Not that being a woman of color has been enough to insulate Harris from criticism. On Twitter, many users expressed mixed emotions, recognizing the importance of what Harris represents while also criticizing her record, especially on criminal justice. “We will stan Kamala Harris, the first woman and black woman in the White House, till the day she enters office,” wrote Twitter user @chelseayoung23. “AND THEN the critiques shall begin okay? Okay.”
But Erica Davies, a 30-year-old voter from New York City who has both Black and Asian heritage, hopes that this moment, and the encouragement of a more diverse group of future politicians, will bring change that goes beyond representation.
“It made me kind of hopeful that things will actually change, maybe a little bit slowly, but maybe one day the country won’t be as divisive and that hopefully, one day the Democratic party will listen to people of color,” she says, “because we’re the ones who voted Trump out—it wasn’t white women or white people, it was women of color as always, saving the day.
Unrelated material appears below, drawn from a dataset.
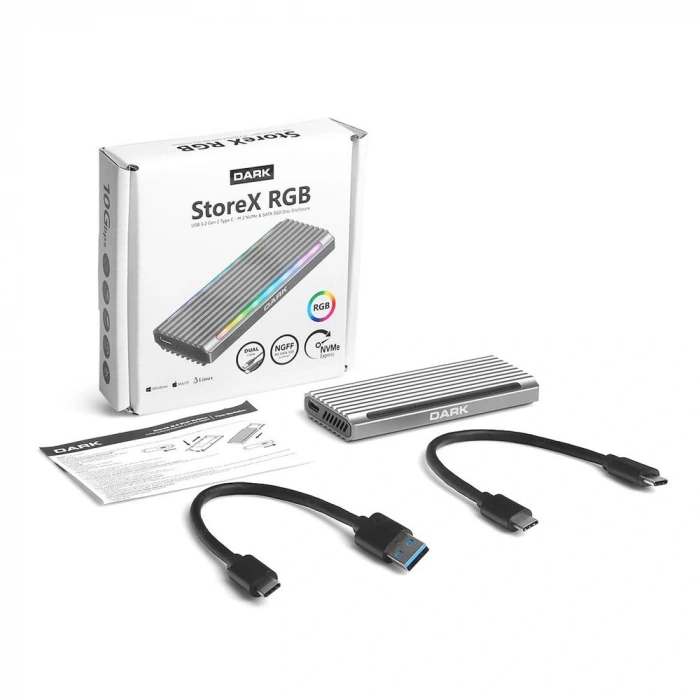 Dark Dk-ac-dsem5 Usb 3.2 Gen2 Type C - M.2 Nvme & Ngff Sata Ssd Rgb Ledli Disk Kutusu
It’s really nice to see a Brown, Asian woman at the forefront of a country where there are so many of us.”
And in the meantime, the power of that representation can’t be underestimated. Davies was on the phone with her mother when she heard about Harris’ win and the two immediately discussed how important this moment would be for young girls of color.
“As a mixed Black woman, it means something to see somebody who is also Blasian in office,” she says. “For kids like me who had an identity crisis when they were little or always felt like they had to choose, it’s nice that they can see that they don’t have to and that they can really embrace all parts of themselves and the nation will hopefully do the same as well.”